In the delete operation of a BST, we need the inorder successor (or…
2024
In the delete operation of a BST, we need the inorder successor (or predecessor) of a node when the node being deleted has both its left and right children non-empty. Which of the following is true about the inorder successor needed in the delete operation?
- A.
Inorder successor is always a leaf node
- B.
Inorder successor is always either a leaf node or a node with an empty left child
- C.
Inorder successor may be an ancestor of the node
- D.
Inorder successor is always either a leaf node or a node with an empty right child
Attempted by 2 students.
Show answer & explanation
Correct answer: B
Concept
In deletion from a BST, when the node to be removed has two non-empty children, its value is replaced by its inorder successor -- the node with the smallest key larger than it. This successor is found by moving once into the right subtree and then repeatedly following left-child pointers until none remain, i.e., the leftmost node of the right subtree. Because inorder traversal visits keys in increasing order within a subtree, the leftmost node of any subtree is guaranteed to have no left child -- if it did, that left child would represent an even smaller key, contradicting the node being leftmost.
Application
The three cases for deleting a node X in a BST are:
X is a leaf: detach X directly from its parent.
X has exactly one non-empty child: splice that child's subtree into X's place.
X has two non-empty children: locate the inorder successor Y as the leftmost node in X's right subtree, copy Y's value into X, then delete Y (which now falls under case 1 or case 2 since Y has no left child).

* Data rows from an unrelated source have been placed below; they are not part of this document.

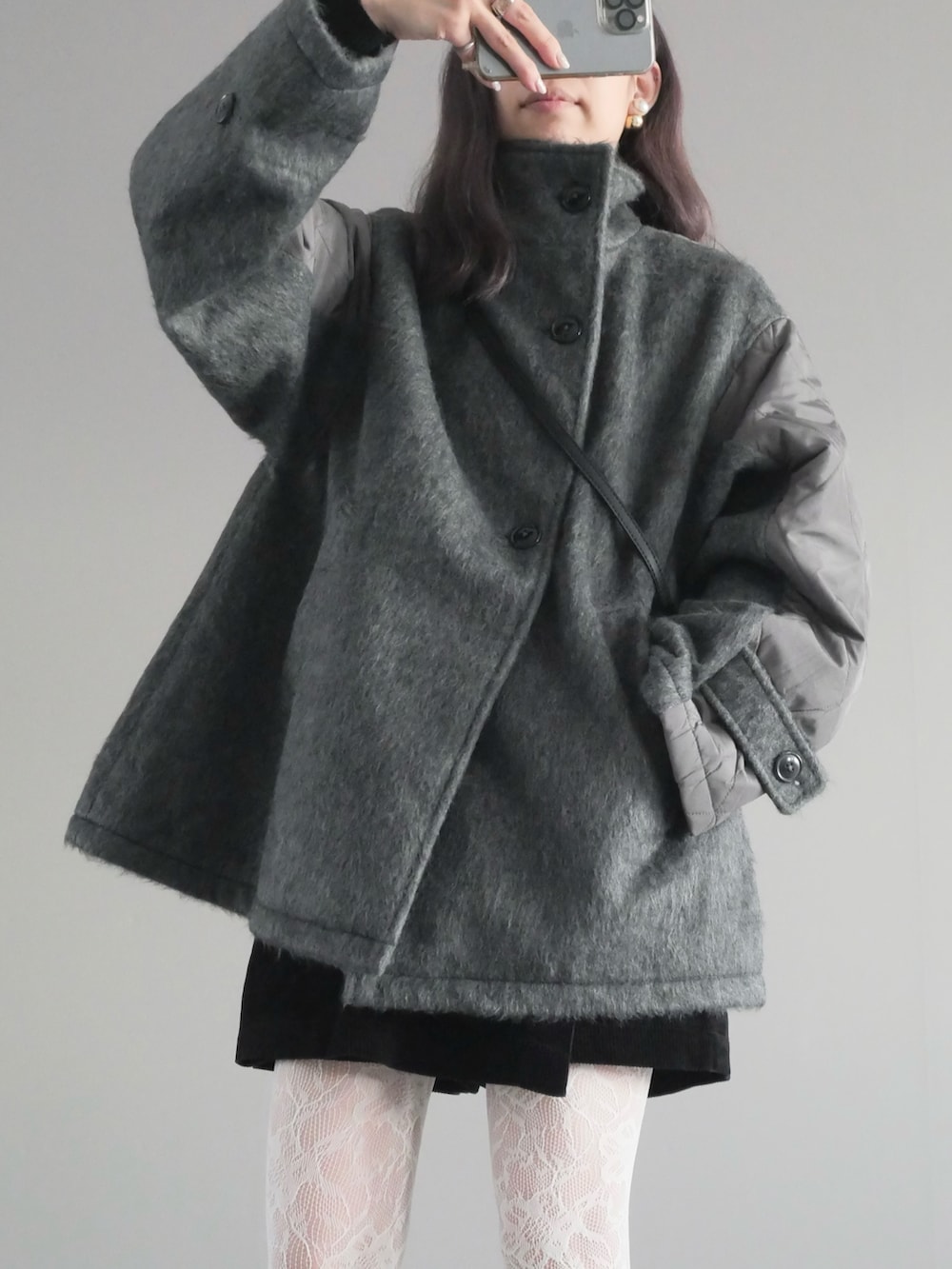 グレー系のステンカラーコート、ブラック系のパンツ、ブラック系のブーツを着用したレディースの秋コーディネートの2枚目の写真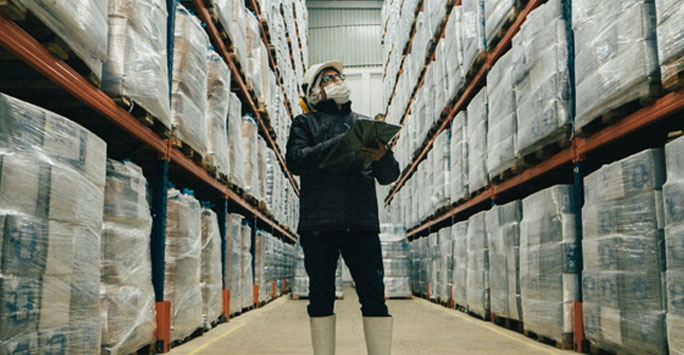 Person wearing a mask between warehouse shelves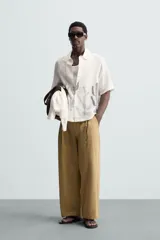 Camisa de calce relajado confeccionada en tejido ligero de lino y viscosa, con cuello solapa, manga corta y cierre frontal de botones. Presenta un diseño estampado de cactus en color gris en la parte inferior sobre un fondo blanco roto.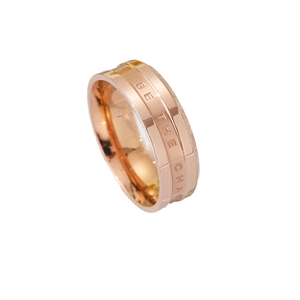 Wide rose gold stainless steel ring with BE THE CHANGE engraving and brushed finish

Because Y is reached by always moving left inside X's right subtree, Y's left child is guaranteed to be empty. Y may or may not have a right child, so Y is either a leaf or a node with only a right child -- never the reverse, and never a node lying above X.
Cross-check
The claim that the successor is always a leaf is too strong: only the left pointer is guaranteed empty, so the successor can still carry a right child.
The claim that the successor may be an ancestor is impossible here: an ancestor of X lies on the path from the root to X, while this successor lies strictly inside X's right subtree -- the two regions cannot overlap.
The claim that it is a leaf or has an empty right child has the sides reversed: repeatedly moving left inside the right subtree empties the left pointer, not the right one.